Shani B. Daily, Cue Family professor of the practice, electrical and computer engineering

If you love someone, you give them a hard time.

It’s how Shani B. Daily, professor of the practice of electrical and computer engineering, was raised. It’s how young Black men tend to talk to their friends online. Yet a University of Chicago study showed that this playful teasing can be mistaken for bullying or threats unless one understands Black culture, Daily says. Without a diverse group programming and training AI, affection can be mistaken for its opposite.

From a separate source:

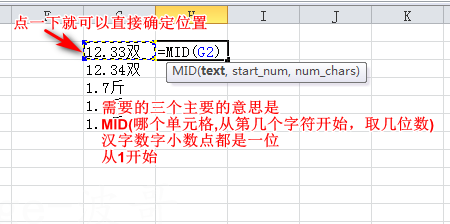 小数保留位数的标准_python保留2位小数_小数保留位数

“If you leave those kinds of cultural understandings outside of the design of technologies, then you’re either harming people or you’re further marginalizing people or you’re creating situations where you’re fabricating threats that aren’t there,” Daily says.

Shani B. Daily
Shani B. Daily

So she works at the junction of equity, tech, education and policy. Daily co-founded the Alliance for Identity-Inclusive Computing Education, or AiiCE, to open computer science to broader, more equitable participation. Diversity, she says, can mean race and ethnicity, socioeconomic status, disability, neurodiversity, sexuality and gender identity, or any intersection of these. Daily demystifies AI in schools and the general public as education and workforce director of the Athena AI Institute, whose goal is to transform the design, operation and services of mobile devices and networks. She has led AI roundtables with congresswomen, briefed congressional staffers and been recognized by North Carolina governor Roy Cooper for her STEM leadership.

AI affects us all. Daily believes that through participation and literacy we can affect it back.

“Exposing people in ways where they feel like they can participate and be a part of the conversation is success to me,” says Daily.

A Sampling of Duke Research

Even if someone isn’t going to be a software engineer, she says, they can be literate enough in advanced technology to know how AI will impact their lives. And they can be literate enough to spot human error in an algorithm’s design rather than just accepting an AI’s results at face value.

As for those errors, Daily’s solution is diversity, including diversity of disciplines. Social scientists, for instance, know that lower rates of minority homeowner loans come from the racist practice of redlining. If they’re in the room when a mortgage algorithm is designed, then it will be less biased.

“If you don’t know history, you don’t understand why your data is so skewed,” she says.